### Task brief
Your answer must be only the lines below from the one containing "The Links Hotel Pattaya Εξωτερικό φωτογραφία" through the one containing "Used 2022 Jeep", copied exactly, with the pictures left out.

### Source material
====
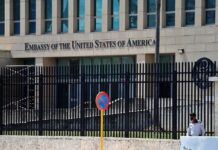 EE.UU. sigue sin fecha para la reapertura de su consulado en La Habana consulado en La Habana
====
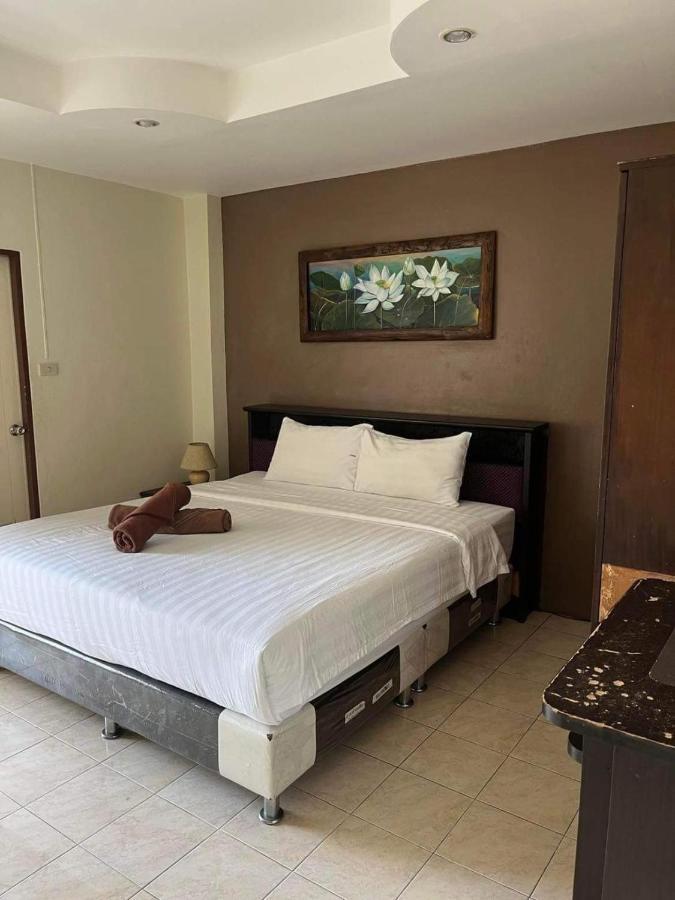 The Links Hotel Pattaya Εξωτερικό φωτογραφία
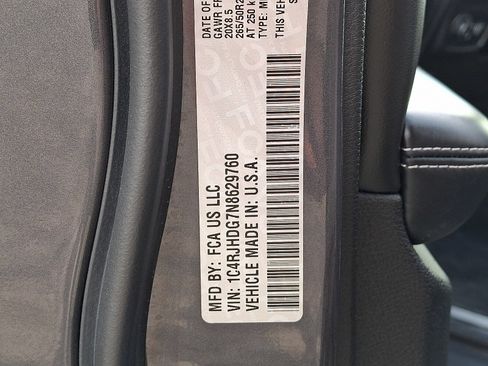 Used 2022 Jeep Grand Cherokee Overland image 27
====
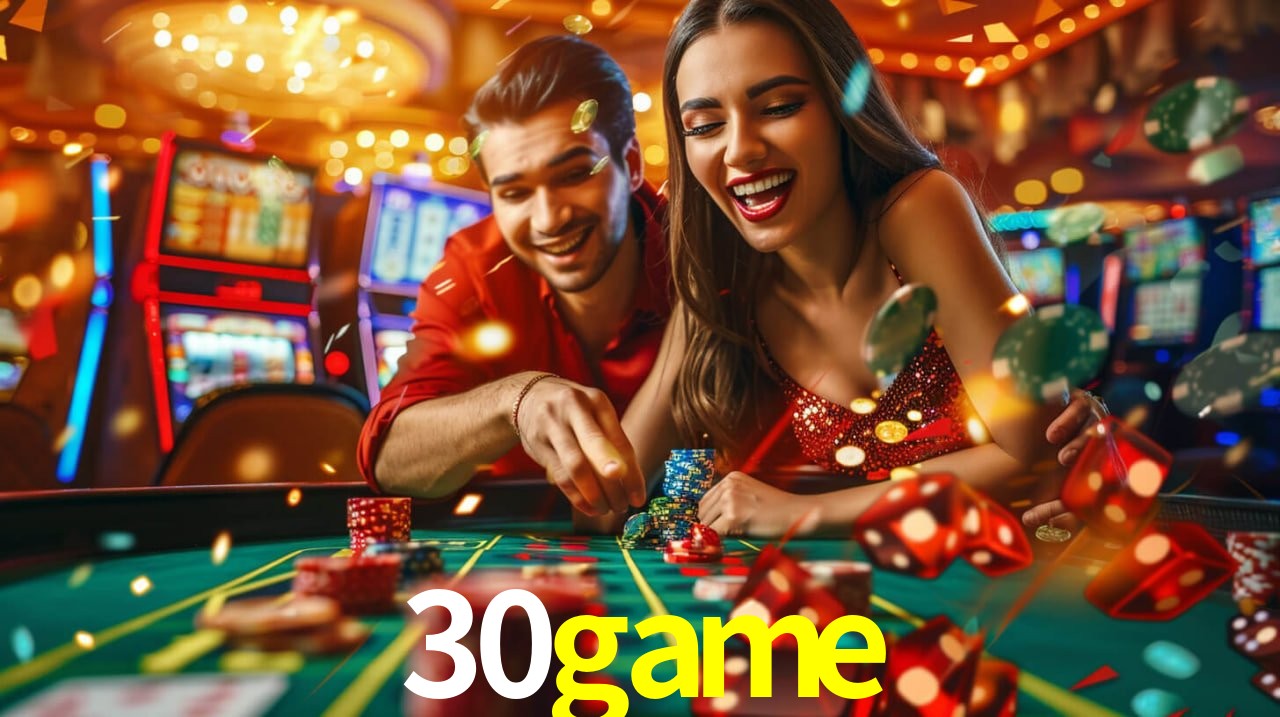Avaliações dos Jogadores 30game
====
### Written response
 The Links Hotel Pattaya Εξωτερικό φωτογραφία
 Used 2022 Jeep Grand Cherokee Overland image 27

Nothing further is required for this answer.